Selon l’enquête de l’OCDE, les hommes sont plus nombreux que les femmes (86% contre 14%). Le nombre d’émigrées marocaines ayant un niveau d’éducation élevé a augmenté de 125 % pendant la dernière décennie, une augmentation plus rapide que celle observée chez leurs homologues masculins.

Par ailleurs, les descendants d’immigrés marocains sont plus diplômés que leurs parents : plus de 31 % de descendants d’émigrés marocains en Europe (250.000) détiennent un diplôme de l’enseignement supérieur. La quasi-totalité des émigrés actuels dans le cadre de l’étude sont en âge de travailler (15-64 ans). Les personnes âgées de 15 à 44 ans représentent près des trois quarts des émigrés actuels. Quelque 75% des émigrés étaient économiquement actifs au Maroc avant de quitter le pays: 48% exerçaient un emploi et 27% étaient au chômage.

En général, les migrants transfèrent des fonds à leur famille au Maroc. Lorsque ces fonds sont consacrés à la création d’une entreprise, le phénomène peut générer de l’emploi. Des études ont montré que les transferts de fonds pouvaient atténuer les contraintes financières et permettre aux ménages d’investir dans le capital humain.

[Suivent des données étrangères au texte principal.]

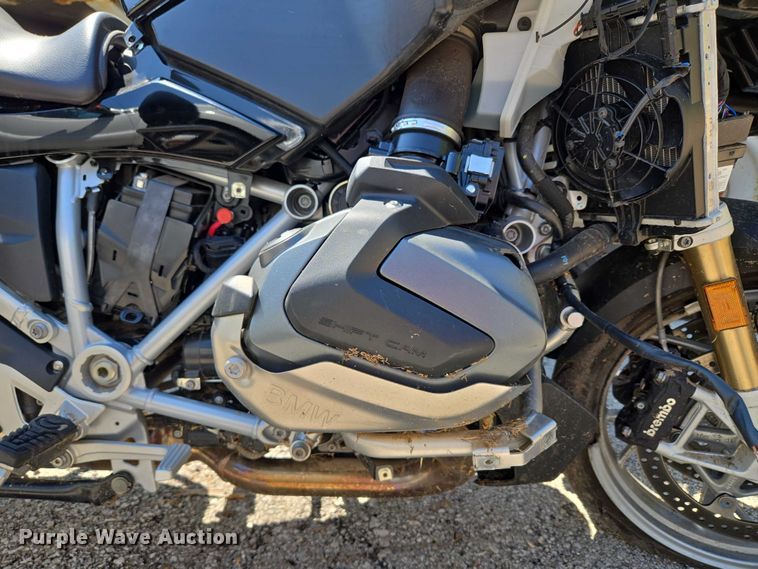 image for item EG8219 2024 BMW R 1250 Rt Police motorcycle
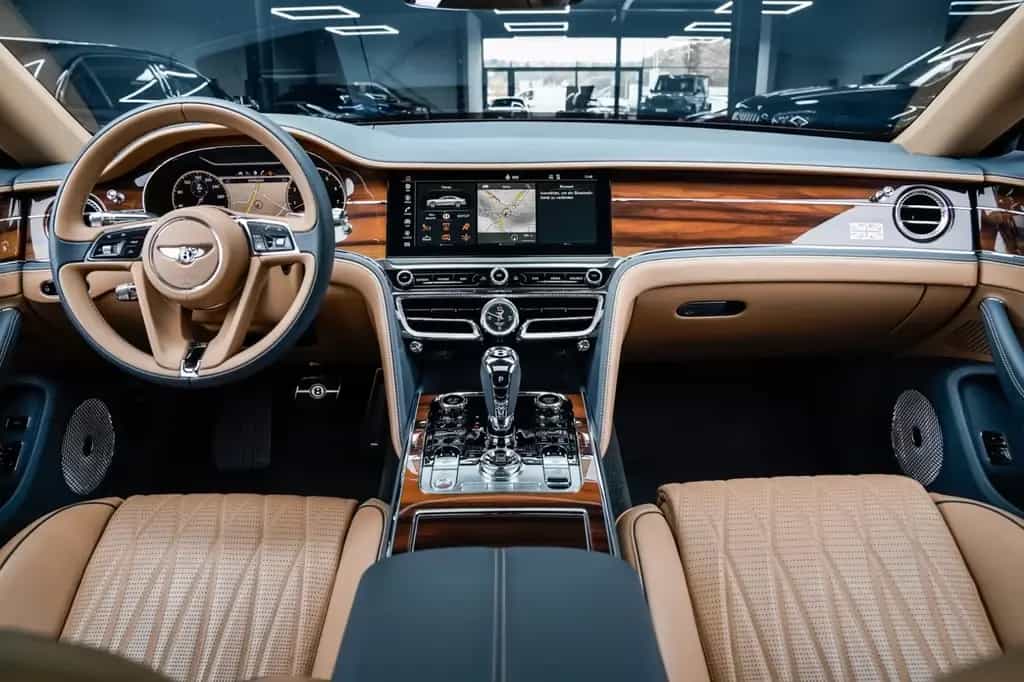 Bentley Flying Spur 6.0 W12 First Edition Mulliner 05/2020-photo-15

Les migrants de retour peuvent rapporter des fonds, des compétences entrepreneuriales et des réseaux utiles dans leur pays d’origine. D’après l’enquête menée auprès des ménages par l’OCDE, la propriété d’une entreprise ou d’un bien foncier (terrain non agricole et maison/appartement autre que la maison/l’appartement où vit le ménage) est très faible. Seul 1% des ménages de l’échantillon (24 ménages) déclare être propriétaire d’une entreprise. Cette proportion est supérieure parmi les ménages ne recevant pas de transferts de fonds et sans migrant de retour. Un ménage sur cinq détient un terrain non agricole et 4% sont propriétaires d’une maison autre que celle dans laquelle vit le ménage.

Si on veut attirer les investissements des MRE, il faut multiplier et diversifier les offres, car ailleurs elles sont beaucoup plus attractives.

De son côté, le ministère chargé des MRE a mis en place un dispositif d’appui aux porteurs de projets d’investissement. Il consiste en la mise en place d’une cellule dédiée à leur accompagnement. Sa mission est d’informer et orienter les investisseurs potentiels sur les différents secteurs de l’économie, d’assister les porteurs de projets durant toutes les étapes de réalisation, de la conception à la concrétisation.